◆ WHAT YOU WILL DO
In your copy, leave out the pictures and reproduce the listing below exactly.
(DATA EXCERPT)
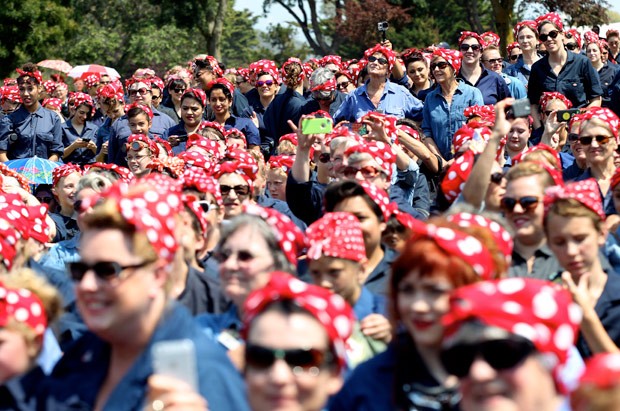 Por recorde, centenas se fantasiam de 'Rosie, a rebitadeira' nos EUA (Foto: Anda Chu/The Contra Costa Times/AP) Por recorde, centenas se fantasiam de 'Rosie, a rebitadeira' nos EUA (Foto: Anda Chu/The Contra Costa Times/AP)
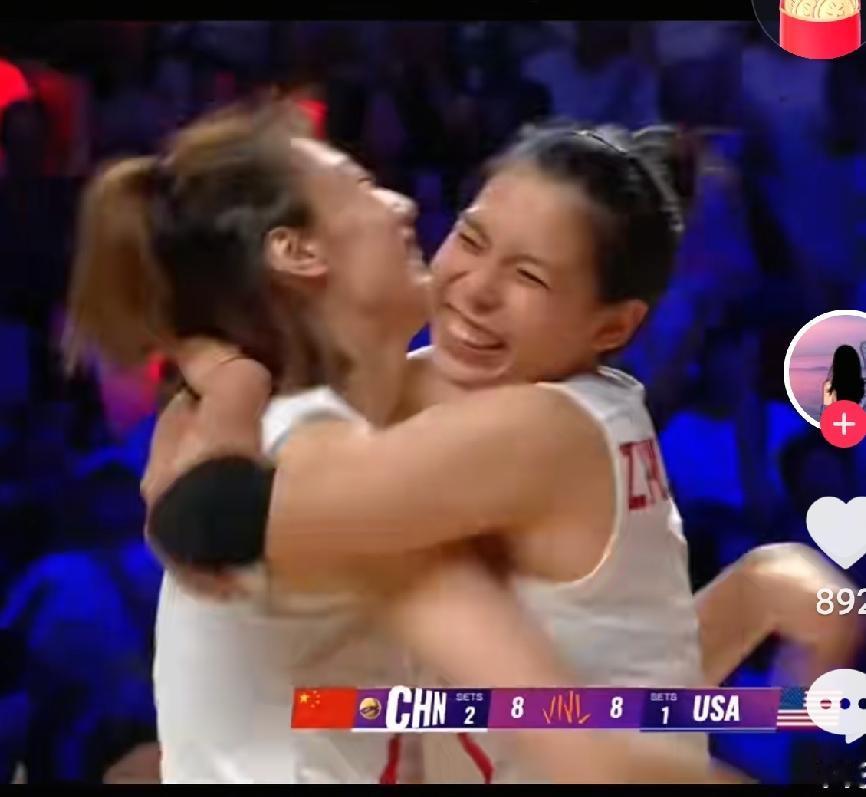打美国女排最精彩一幕中国女排和美国1/4决赛的五局大战，是中国女排打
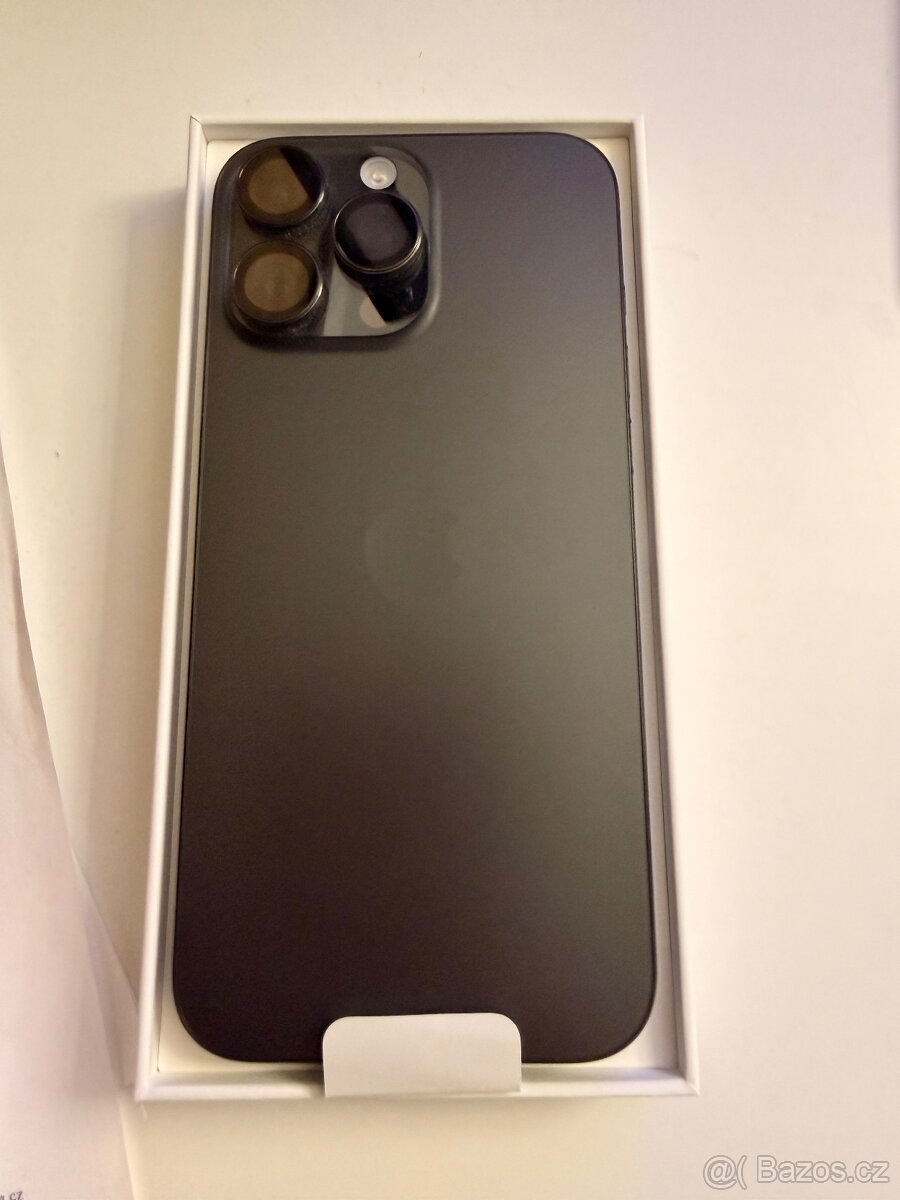 iPhone 16 Pro Max 256 GB Černý Titan - 4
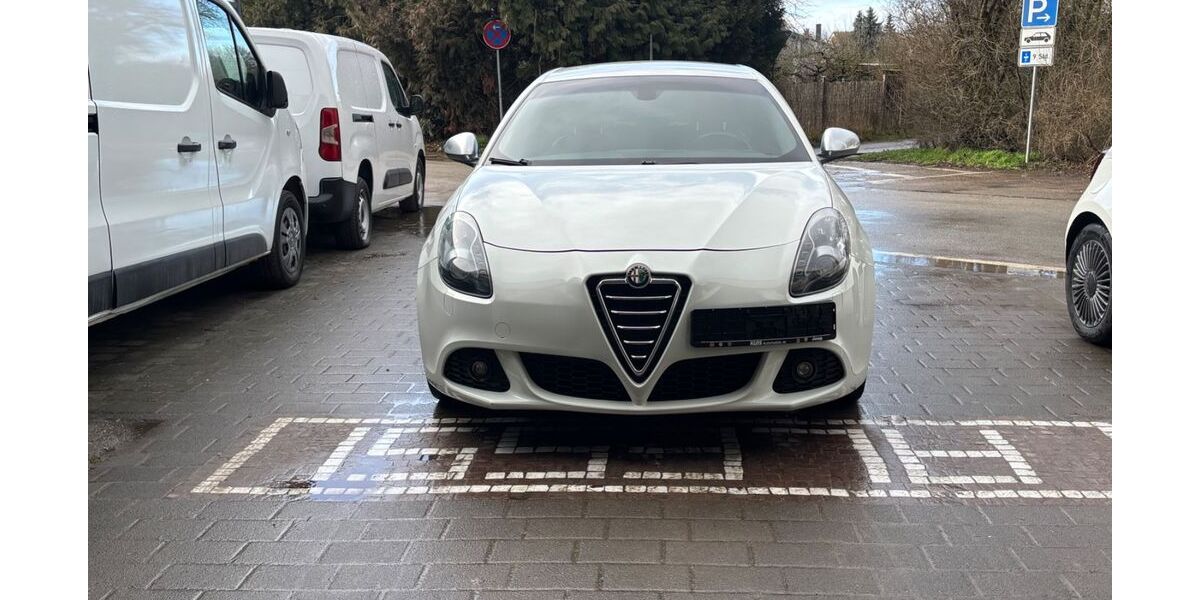 Alfa Romeo Giulietta 94.379 km 7.890 &euro; Frankenthal/Studernheim 67227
(End DATA EXCERPT)
◆ EXERCISE ANSWER
 Por recorde, centenas se fantasiam de 'Rosie, a rebitadeira' nos EUA (Foto: Anda Chu/The Contra Costa Times/AP) Por recorde, centenas se fantasiam de 'Rosie, a rebitadeira' nos EUA (Foto: Anda Chu/The Contra Costa Times/AP)
打美国女排最精彩一幕中国女排和美国1/4决赛的五局大战，是中国女排打
 iPhone 16 Pro Max 256 GB Černý Titan - 4
 Alfa Romeo Giulietta 94.379 km 7.890 &euro; Frankenthal/Studernheim 67227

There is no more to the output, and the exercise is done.